I implemented lambda function like this
import boto3
import os
from datetime import datetime
def lambda_handler(event, context):
ec2 = boto3.client('ec2')
instance_ids = os.environ['INSTANCE_IDS'].split(",")
for instance_id in instance_ids:
new_ami = ec2.create_image(
InstanceId=instance_id,
Name=f"Backup-{instance_id}-{datetime.now().strftime('%Y-%m-%d-%H-%M-%S')}",
NoReboot=True
)
new_ami_id = new_ami['ImageId']
waiter = ec2.get_waiter('image_available')
waiter.wait(ImageIds=[new_ami_id])
print(f"AMI {new_ami_id} is now available")
encrypted_ami = ec2.copy_image(
SourceImageId=new_ami_id,
SourceRegion=context.invoked_function_arn.split(":")[3],
Name=f"Encrypted-Backup-{instance_id}-{datetime.now().strftime('%Y-%m-%d-%H-%M-%S')}",
Encrypted=True
)
return {"status": "AMIs created, encrypted, and old AMIs managed"}
Since taking a snapshot ec2.get_waiter requires considerable amount of time the function times out even if I put maximum amount of ms. What is the correct flow to achieve this task?

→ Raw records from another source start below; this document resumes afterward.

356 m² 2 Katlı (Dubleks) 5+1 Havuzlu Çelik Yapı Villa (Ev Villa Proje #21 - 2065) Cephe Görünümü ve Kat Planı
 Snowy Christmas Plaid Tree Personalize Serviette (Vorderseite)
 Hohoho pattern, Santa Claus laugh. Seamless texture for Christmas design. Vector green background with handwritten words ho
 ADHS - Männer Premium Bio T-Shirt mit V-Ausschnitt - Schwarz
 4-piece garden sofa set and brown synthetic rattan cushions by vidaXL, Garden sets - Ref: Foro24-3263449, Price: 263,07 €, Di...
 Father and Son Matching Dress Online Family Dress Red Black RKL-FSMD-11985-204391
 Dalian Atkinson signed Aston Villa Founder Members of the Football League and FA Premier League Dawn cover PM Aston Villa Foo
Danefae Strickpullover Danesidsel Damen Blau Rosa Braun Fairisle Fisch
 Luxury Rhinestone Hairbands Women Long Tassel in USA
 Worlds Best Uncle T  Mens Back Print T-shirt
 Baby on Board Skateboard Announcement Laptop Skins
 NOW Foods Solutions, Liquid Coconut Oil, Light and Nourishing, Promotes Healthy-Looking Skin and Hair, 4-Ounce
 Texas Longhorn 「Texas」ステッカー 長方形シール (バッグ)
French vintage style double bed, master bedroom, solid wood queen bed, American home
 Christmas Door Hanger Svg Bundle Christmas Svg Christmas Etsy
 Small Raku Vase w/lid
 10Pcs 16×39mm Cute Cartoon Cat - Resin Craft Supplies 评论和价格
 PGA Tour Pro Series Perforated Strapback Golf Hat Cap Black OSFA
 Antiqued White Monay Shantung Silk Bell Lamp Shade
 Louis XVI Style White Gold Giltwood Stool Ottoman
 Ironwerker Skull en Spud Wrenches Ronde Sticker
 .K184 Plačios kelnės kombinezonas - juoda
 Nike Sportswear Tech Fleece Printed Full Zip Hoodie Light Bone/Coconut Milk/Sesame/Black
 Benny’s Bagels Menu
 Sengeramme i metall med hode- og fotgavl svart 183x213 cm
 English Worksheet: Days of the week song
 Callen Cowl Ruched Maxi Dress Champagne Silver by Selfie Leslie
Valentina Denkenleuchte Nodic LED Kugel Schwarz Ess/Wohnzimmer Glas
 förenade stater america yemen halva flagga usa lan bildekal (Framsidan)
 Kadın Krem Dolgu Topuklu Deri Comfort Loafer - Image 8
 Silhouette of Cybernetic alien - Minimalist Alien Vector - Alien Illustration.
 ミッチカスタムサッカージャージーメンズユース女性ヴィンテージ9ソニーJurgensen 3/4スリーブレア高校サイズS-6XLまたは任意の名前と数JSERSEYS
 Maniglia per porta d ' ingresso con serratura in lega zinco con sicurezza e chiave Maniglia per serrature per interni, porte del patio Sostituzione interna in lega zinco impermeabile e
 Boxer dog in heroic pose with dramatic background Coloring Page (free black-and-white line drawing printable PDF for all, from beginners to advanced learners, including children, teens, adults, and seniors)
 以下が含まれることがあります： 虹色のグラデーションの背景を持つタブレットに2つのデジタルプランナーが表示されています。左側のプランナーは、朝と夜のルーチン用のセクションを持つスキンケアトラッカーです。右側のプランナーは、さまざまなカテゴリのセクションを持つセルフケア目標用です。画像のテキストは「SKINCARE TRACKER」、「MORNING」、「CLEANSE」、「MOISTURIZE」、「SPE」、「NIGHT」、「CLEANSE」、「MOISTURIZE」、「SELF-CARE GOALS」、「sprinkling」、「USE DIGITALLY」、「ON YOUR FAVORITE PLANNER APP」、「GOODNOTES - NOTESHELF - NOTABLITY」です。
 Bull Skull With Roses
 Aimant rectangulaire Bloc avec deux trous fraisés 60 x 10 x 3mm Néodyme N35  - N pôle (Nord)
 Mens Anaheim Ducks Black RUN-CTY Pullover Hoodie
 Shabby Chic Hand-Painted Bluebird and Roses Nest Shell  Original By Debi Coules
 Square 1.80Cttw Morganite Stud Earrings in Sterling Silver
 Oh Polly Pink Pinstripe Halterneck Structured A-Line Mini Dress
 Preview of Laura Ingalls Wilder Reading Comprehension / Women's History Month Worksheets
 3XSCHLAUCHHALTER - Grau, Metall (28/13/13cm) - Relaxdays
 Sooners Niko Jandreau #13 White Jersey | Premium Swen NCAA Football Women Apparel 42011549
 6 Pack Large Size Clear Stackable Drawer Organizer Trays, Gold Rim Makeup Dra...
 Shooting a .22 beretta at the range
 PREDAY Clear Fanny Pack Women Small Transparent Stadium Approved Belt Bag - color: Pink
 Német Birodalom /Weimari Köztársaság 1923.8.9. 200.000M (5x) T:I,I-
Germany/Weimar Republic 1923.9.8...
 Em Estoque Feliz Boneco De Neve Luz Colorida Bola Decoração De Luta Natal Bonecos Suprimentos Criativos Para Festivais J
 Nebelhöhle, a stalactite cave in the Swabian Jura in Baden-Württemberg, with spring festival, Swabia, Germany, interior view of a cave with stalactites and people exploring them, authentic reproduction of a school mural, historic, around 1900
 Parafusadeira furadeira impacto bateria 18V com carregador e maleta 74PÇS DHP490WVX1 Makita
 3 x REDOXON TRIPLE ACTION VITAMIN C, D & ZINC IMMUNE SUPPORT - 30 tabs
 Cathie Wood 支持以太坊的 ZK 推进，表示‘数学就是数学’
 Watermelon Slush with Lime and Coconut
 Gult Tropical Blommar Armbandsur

You should split the Lambda function into two separate Lambda functions, one that creates the AMI, and another function that performs the AMI copy.
To automatically trigger the second Lambda function when the AMI has been created, you would configure an EventBridge rule to trigger the Lambda function when an AMI event occurs with a State value of available. You could add a filter to the rule to only trigger when the AMI name starts with Backup.